As for the second aspect, where the connections between the original sound and the resulting piece are concerned and the source bonding might be severed, Schafer notes that context is what builds our soundscape, “But when [sounds] are removed from their contexts… they may quickly lose their identities” (Schafer, 1994, pp. 150). While at first this may seem antithetical to the goal of my work, I would instead approach it as another opportunity: with the connections to a sound’s origin weaker, there is room for suggestion. Thus, an audience might be more willing to suspend their disbelief and allow for a heightened experience as the instrumental sounds mingle, contrast, or heighten the original water source sounds.

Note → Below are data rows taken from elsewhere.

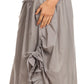 Sakkas Coco Long Cotton Ruffle Skirt with Pockets and Elastic Waistband
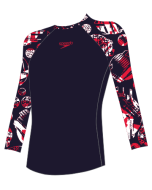 GLITCHAMP ALLOVER LONG SLEEVE SUN TOP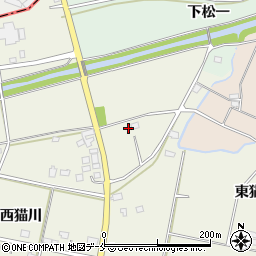 福島県伊達市保原町東猫川39周辺の地図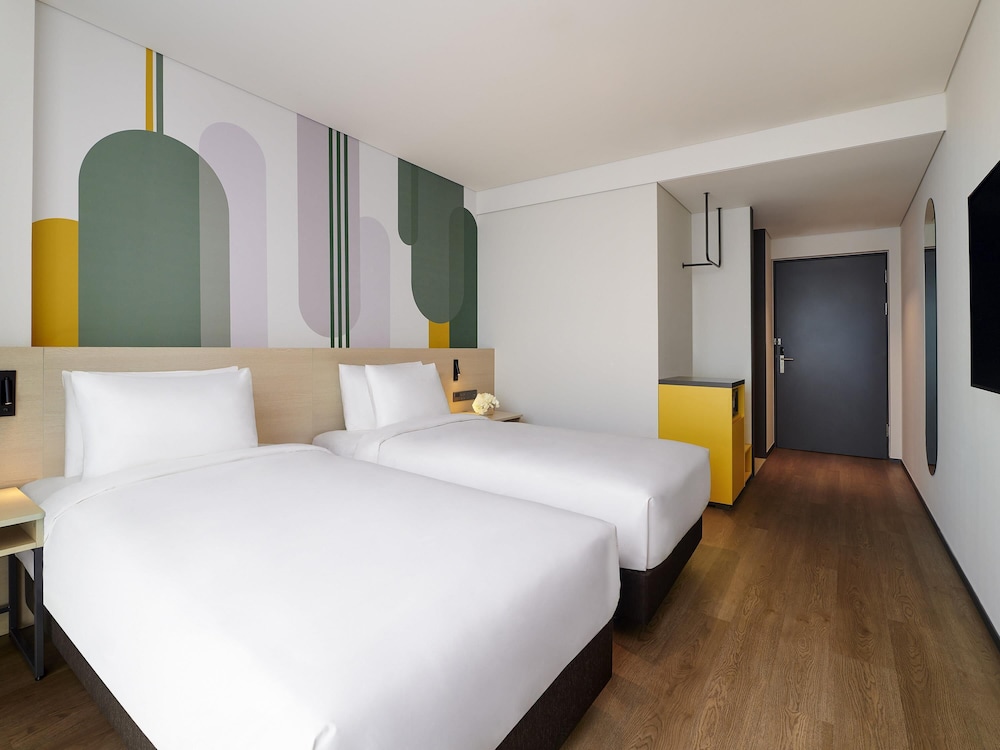 Habitación superior con 2 camas individuales del hotel ibis Styles Ambassador Incheon Airport T2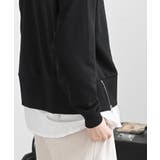 裏毛×布帛レイヤー風パーカー | rps | 詳細画像18 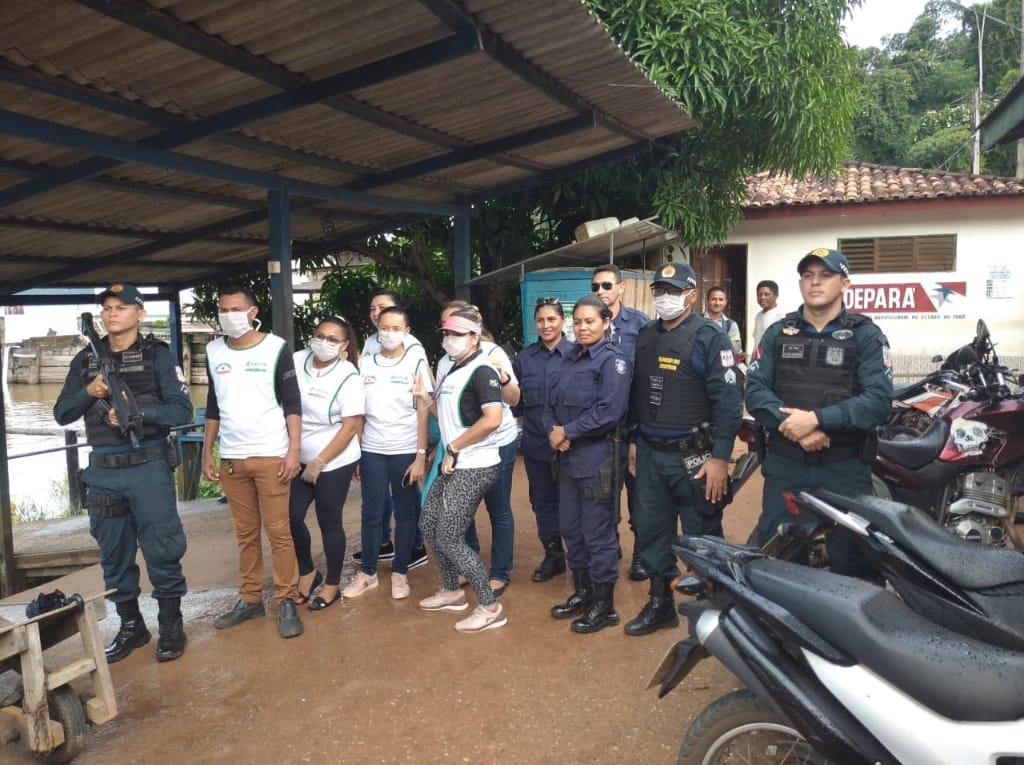 PM em ação de prevenção na travessia entre Laranjal do Jari e Monte Dourado
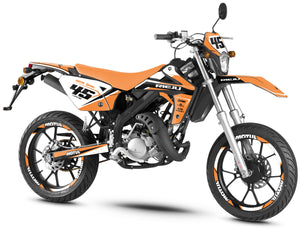Dekor kit Rieju MRT 50cc 2009-2021 Armee-Rakete | Motorradaufkleber | Personalisierung 50cc | armysctv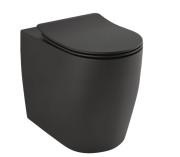 Унитаз напольный Kludi Resa R 38х55 см керамика черный матовый 23WCB0439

Narrative is a third aspect of the work I must consider. Throughout my studies with Dr. May, I have learned and discussed with him the implications of a linear structure, and the ways in which I may free the performers of my piece to create their own narrative decisions. Many of these narrative choices will likely come from archetypal narratives of storms and river flows. This will guide the listener’s ear and help them understand what to pay attention to. Ultimately, the sounds created by manipulations of my original water recordings and the sounds created by the live instruments should meld together and create their own world: one that is recognizable, yet invites exploration. It will allow myself, the composer, and the performers the opportunity to create a compelling narrative, and bring the audience a unique experience.
This semester, and indeed the duration of my thesis work thus far, I have explored and studied the acoustic, psychoacoustic, and narrative implication of water and the interactions my field recordings may have with the selected trio of live instruments. To serve these artistic goals, I will continue exploring the timbral relationships between the natural world and the ensemble, as well as learn about granulation, additional forms of sound manipulation, and the ensemble’s interaction with the computer.
Brown, E. (1965). Available forms. Assoc. Music Publ.
May, A. (2005). Wandering through the same dream.
Riley, T. (1964). In C. Associated Music Publishers Inc.
Schafer, R. M. (1994). Our sonic environment and the soundscape: The tuning of our world. Inner Traditions International, Limited.